Now here is a complete "kit" at Summit http://www.summitracing.com/parts/pro-66945bkc/applications/make/pontiac - $86.97

You should also be able to get all these parts at your local auto store. Most offer high performance brands if you ask for them, they can look them up.

I see a condenser in your photo, but most HEI units don't seem to show these, so this is something you need to inquire about. It too should be replaced at this time.

So, I would do a good tune-up for starters, then a carb rebuild which should have the parts to be compatible with ethanol gas (get a brass float as they are not part of the kit), and look into a timing chain and gear replacement - you can easily check the slop by watching your distrib. rotor as you turn your engine by hand, one direction and then the next, noting how much your balancer moves before the rotor moves. You can use your timing marks to do this. You should get very little rotation from your balancer before your rotor moves. If you get a lot of movement (because you are taking up the slack in the timing chain before it pulls on the cam gear - which turn your distrib/rotor), then you are due a set of gears and new chain.

You can also do a compression test. Remove all spark plugs (check their condition - if wet, then you have been flooding the engine and this will cause it to not start and you definitely have a carb issue) to do this so the engine spins quickly. Make sure coil wire is disconnected. Screw the compression tester into each spark plug hole and spin over a few seconds to get a reading from each cylinder and write it down. They should be fairly uniform. The numbers will let you know if your rings are worn.
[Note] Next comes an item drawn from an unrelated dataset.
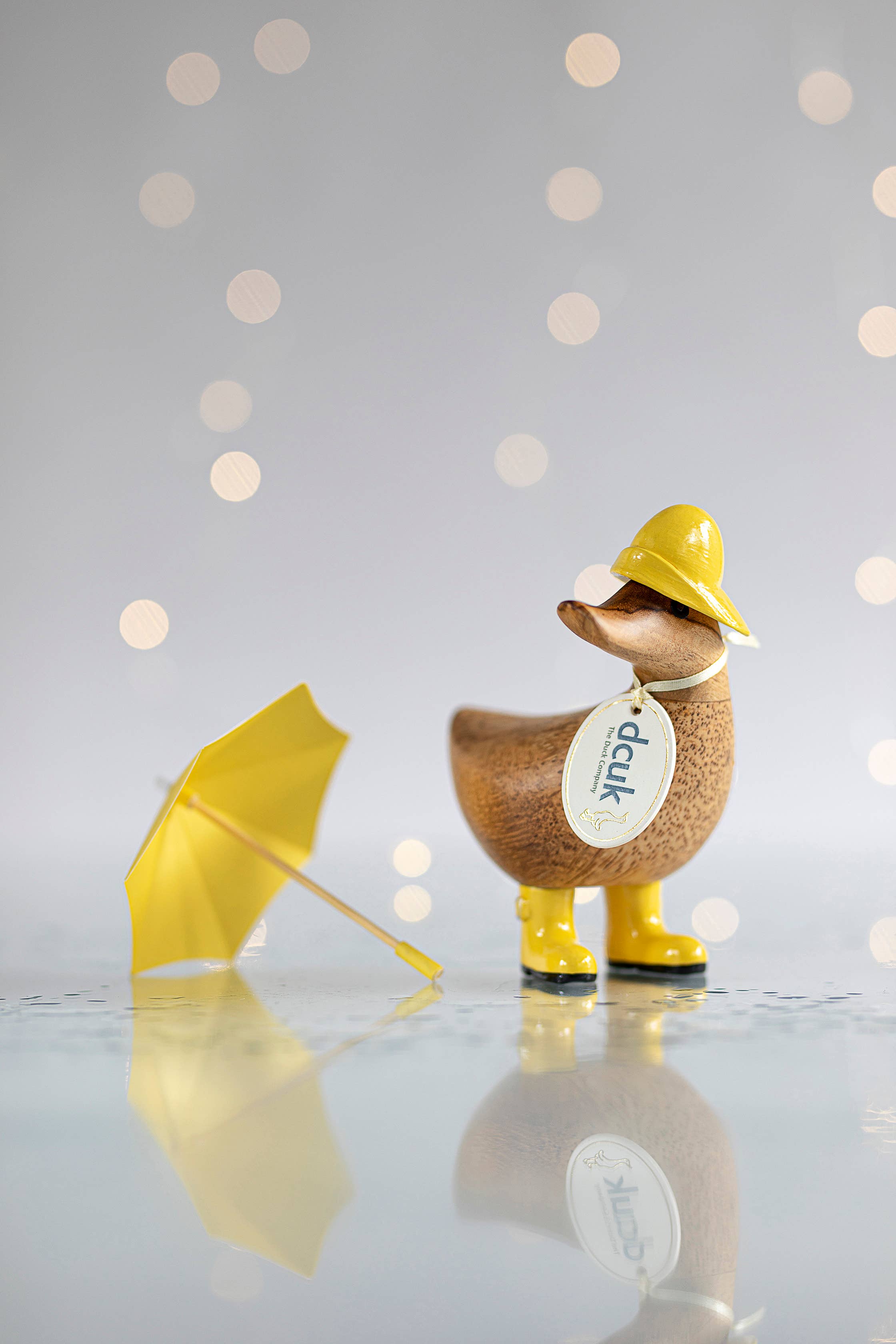 DCUK Rainy Day Duckys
These are just some basic checks you can do to give you more info on your engine. Freshening up the distributor would be No1 (along with wires & plugs if it were me) to see if that gets your engine going. No2 for me would be the timing chain/gears check because if there is a lot of slop in the chain/gears, it will affect your timing and this can cause a starting problem. No3 would be the carb, which is probably just as important as the distributor in importance.
No4 would be a compression test.

I might also get my alternator tested just to make sure it was putting out enough voltage/amps because you still may have an electrical problem, but can't sort it out if you can't get the car running to do so - just sayin'. :thumbsup:

Now if you do a tune-up and the engine fires up, then I would still consider rebuilding the carb at some point and do the timing chain/gears check and then the compression.:yesnod:


----------



## dan woodland (Jul 24, 2013)

PontiacJim said:


> First, send some of that "cold" air down here. Records being set every day.:yesnod:
> 
> The breather you are speaking of that connects to the valve cover would not have gas vapor coming out of it. Again, sounds like oil smoke, ie blow-by, which is typically caused by worn rings. You might want to do a compression test at some point to see what you come up with.
> 
> ...


Again great information Jim!! Thanks a ton!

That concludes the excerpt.